The restaurant is on Acharnon road and it takes only a couple of minutes walk from Agios Eleftherios Station of Ilektriko (Metro No. 1). It looks pretty good from outside.
It looks good also inside, but I do not have photos. The restaurant was totally empty all through our meal (about 2 to 5 in the afternoon), even if it was Sunday. Evidently it gets busy only after the music starts at 6 o'clock.
The menu was pretty long, but our Romanian friend already had a pretty good idea what we had to eat and we followed her advice.
At the beginning the owner offered us shots of so-called Romanian plum brandy and white pieces looked like cheese. These white bits were, in fact, pieces of smoked lard. Yellow paste was mustard. These items reminded me that it is pretty cold in winter in Romania.
Our Romanian friend said we should try Romanian wine. So we ordered a bottle of semi-sweet red one. According to the friend, the Romanians drink more semi-sweet (imigriko) than dry wine. Here most of the Romanian wines cost 9.90 Euro per bottle, if I remember well (to be honest, I did not pay much attention, as I am not quite a drinker). I did not particularly like it. The owner told us that they have Romanian beers in the summer (but not now in the winter).
Bread basket contained 2 types of bread, one was usual Greek one and the other was pita like flat bread. According to our Romanian friend, the flat bread is Romanian specialty and we stack to it. It (pita) was served warm and quite good.
As starters, we had "Russian" salad (front) and aubergine salad (rear). The "Russian" salad contained meat (I thought it was chicken, but the friend said it might be beef, so I am not sure). Again according to the friend, the Romanian "Russian" salad should contain loads of green peas, but this one did not. I liked it anyway. On the other hand, the aubergine salad was mayonnaise-y and I was not fond of it, while the friend said it was good. It was a matter of taste, I suppose.
This was picked up by the friend from the starter section, but it was so filling that it should really be a main course. The white stuff is a mixture of Romanian cottage cheese and sour cream and the yellow stuff is corn meal (like Italian polenta). The other Romanian friend of mine later told me that the Romanian people typically eat this as a main course after a soup at home.

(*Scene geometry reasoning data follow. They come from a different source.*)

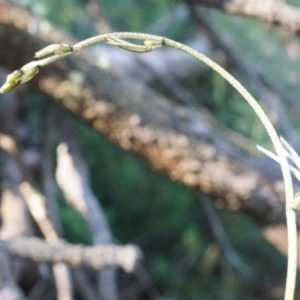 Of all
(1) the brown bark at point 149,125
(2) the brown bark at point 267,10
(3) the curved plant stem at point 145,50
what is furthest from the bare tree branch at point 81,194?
(3) the curved plant stem at point 145,50

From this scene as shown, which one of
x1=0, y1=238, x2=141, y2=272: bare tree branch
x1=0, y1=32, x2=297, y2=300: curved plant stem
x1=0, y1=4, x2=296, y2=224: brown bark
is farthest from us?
x1=0, y1=4, x2=296, y2=224: brown bark

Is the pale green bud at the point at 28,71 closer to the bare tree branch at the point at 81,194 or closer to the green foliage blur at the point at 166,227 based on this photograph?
the bare tree branch at the point at 81,194

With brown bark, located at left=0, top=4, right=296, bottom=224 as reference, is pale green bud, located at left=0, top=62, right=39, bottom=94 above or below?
below

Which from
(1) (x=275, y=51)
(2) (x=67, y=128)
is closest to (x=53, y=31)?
(2) (x=67, y=128)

I liked this cream very much. Maybe the best thing for me among all the dishes we ate there. It was simple, but good.
Here is an assorted plate of Romanian pickles that we ordered instead of salad. I generally like pickles and these were not exception, but for GH who does not like pickles in general, it wasn't exception either.
And main courses. These are Romanian cabbage rolls. Stuffing was minced meat and served with polenta and sour cream. It had a particular sour flavor and I guessed that it was because cabbage was pickled.

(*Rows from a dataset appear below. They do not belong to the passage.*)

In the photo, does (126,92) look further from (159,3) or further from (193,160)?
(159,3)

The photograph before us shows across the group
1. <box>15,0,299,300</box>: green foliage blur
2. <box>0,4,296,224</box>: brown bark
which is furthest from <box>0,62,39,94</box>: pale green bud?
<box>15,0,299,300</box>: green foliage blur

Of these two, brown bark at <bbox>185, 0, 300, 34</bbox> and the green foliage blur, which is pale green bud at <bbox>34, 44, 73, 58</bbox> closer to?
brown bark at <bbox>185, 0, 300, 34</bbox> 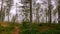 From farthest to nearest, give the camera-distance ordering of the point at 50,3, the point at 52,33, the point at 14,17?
the point at 14,17
the point at 50,3
the point at 52,33

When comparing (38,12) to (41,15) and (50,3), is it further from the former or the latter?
(50,3)

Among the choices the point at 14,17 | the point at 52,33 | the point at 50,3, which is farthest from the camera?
the point at 14,17

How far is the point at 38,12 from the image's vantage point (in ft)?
66.6

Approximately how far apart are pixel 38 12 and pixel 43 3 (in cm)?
124

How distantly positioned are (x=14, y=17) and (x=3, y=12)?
142cm

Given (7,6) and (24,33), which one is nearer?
(24,33)

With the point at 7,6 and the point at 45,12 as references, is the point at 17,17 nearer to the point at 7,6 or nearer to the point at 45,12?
the point at 7,6

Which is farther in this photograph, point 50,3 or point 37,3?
point 37,3

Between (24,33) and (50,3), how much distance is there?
8921 mm

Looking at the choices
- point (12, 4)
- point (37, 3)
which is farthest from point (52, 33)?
point (12, 4)

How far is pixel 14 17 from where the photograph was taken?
19.7 metres

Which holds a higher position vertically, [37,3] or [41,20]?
[37,3]

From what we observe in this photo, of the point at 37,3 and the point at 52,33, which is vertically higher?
the point at 37,3

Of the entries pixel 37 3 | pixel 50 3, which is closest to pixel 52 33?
pixel 50 3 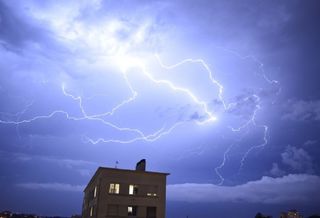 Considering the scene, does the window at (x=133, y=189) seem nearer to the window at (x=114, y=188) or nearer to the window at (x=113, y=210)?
the window at (x=114, y=188)

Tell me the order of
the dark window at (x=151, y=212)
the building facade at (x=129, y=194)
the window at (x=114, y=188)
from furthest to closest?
the dark window at (x=151, y=212), the window at (x=114, y=188), the building facade at (x=129, y=194)

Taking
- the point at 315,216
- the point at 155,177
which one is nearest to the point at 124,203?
the point at 155,177

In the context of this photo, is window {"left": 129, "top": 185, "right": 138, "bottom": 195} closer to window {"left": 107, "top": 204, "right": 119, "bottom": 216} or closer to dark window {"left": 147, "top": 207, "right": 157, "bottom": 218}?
window {"left": 107, "top": 204, "right": 119, "bottom": 216}

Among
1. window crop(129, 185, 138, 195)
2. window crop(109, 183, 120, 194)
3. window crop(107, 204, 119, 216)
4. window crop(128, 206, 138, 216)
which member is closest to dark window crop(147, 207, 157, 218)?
window crop(128, 206, 138, 216)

This is Romanian style "tigania" (so we were explained by the owner), served with polenta, grated cheese and fried egg. The meat was pork and sausage. Although it was described "tigania", the meat wasn't flash fried, but stewed.
And here is Romanian kebab "mititei", served with fries and mustard.

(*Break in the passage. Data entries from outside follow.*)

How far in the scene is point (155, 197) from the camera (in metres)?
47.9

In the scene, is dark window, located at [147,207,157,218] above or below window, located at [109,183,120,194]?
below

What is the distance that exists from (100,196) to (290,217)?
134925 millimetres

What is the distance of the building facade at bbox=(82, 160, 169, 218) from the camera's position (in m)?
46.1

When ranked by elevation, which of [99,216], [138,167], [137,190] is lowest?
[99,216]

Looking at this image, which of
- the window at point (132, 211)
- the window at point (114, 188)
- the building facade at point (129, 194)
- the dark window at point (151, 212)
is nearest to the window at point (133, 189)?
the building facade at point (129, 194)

All the meat main dishes were tasty enough, but I had an impression that the quality of meat was somehow, I don't know how to say, "compromised"? I mean, if I were to cook the same dishes, I would have used better quality meat.
Our Romanian friend insisted that we should try desserts as well, even if we were totally full at this point.
Here is Romanian crepe with jam.
And these are Romanian donuts served with creamed white cheese and jam.
I liked better the crepes.
With a bottle of water, the total bill seemed to come to 50 and a few Euro. I say "seemed" because our Romanian friend snatched the bill and did not want to show it to us. In the end, we managed to hand her in some money, but we do not know what cost how much exactly.
In any case, we exaggerated with orders and I guess one can easily get away with 15 Euro per a head. I would want to go back to try other dishes, especially soups that the Romanian eat a lot.